UNITED STATES DISTRICT COURT FOR THE NORTHERN DISTRICT OF CALIFORNIA
May 13, 2013
No. C 12-0211 RMW (PR) (N.D. Cal. May. 13, 2013)

Opinion

No. C 12-0211 RMW (PR)

05-13-2013

THEODORE SHOVE, Plaintiff, v. EDMUND G. BROWN, et al., Defendants.


ORDER UPON REMAND;

ORDER OF DISMISSAL

WITH LEAVE TO AMEND;

ADDRESSING PENDING

MOTIONS


(Docket Nos. 36, 38, 41)

Plaintiff, a state prisoner proceeding pro se, filed a civil rights complaint pursuant to 42 U.S.C. § 1983 seeking damages and injunctive and declaratory relief for alleged civil rights violations. After the court dismissed this action under 28 U.S.C. § 1915(g), the Ninth Circuit reversed and remanded for further proceedings. Plaintiff's motion to proceed in forma pauperis is granted in a separate order. For the reasons stated below, the court dismisses the complaint with leave to amend.

BACKGROUND

In a lengthy complaint, plaintiff complains that the California process for reviewing capital convictions and sentences is unlawfully slow and inadequate. He contends that the complaint addresses only the unlawful process and that his conviction is not at issue.

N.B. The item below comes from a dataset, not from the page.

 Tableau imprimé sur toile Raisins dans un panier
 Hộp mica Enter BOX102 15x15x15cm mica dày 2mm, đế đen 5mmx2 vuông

Although the complaint is approximately 50 pages in length, there are very few facts in it relating to plaintiff's specific situation. The complaint appears to be an original or photocopied "form" complaint, which has also been filed by other death row inmates (with few minor differences). Indeed, the almost-identical complaint has been filed by at least five death row inmates in addition to plaintiff. See Dewey Joe Duff v. Brown, N.D. Cal. Case No. C 12-529 EMC (pending); Paul Bolin v. Brown, N. D. Cal. Case No. C 12-637 PJH (transferred to Eastern District of California, who ultimately dismissed complaint under Younger and Heck, and for failure to state a claim); Richard Vieira v. Brown, E. D. Cal. Case No. 12-cv-0044-AWI-MJS (same); Carlos Avena v. Brown, C. D. Cal. Case No. 12-cv-00485-UA-DUTY (denying in forma pauperis application because application was incomplete and the judicial officers had immunity from the suit); Spencer Brasure v. Brown, C. D. Cal. Case No. 12-CV-1027-UA-DUTY (denying in forma pauperis application because the court lacked jurisdiction; the complaint was frivolous, malicious or failed to state a claim; and the complaint sought monetary relief from a defendant who was immune from such relief).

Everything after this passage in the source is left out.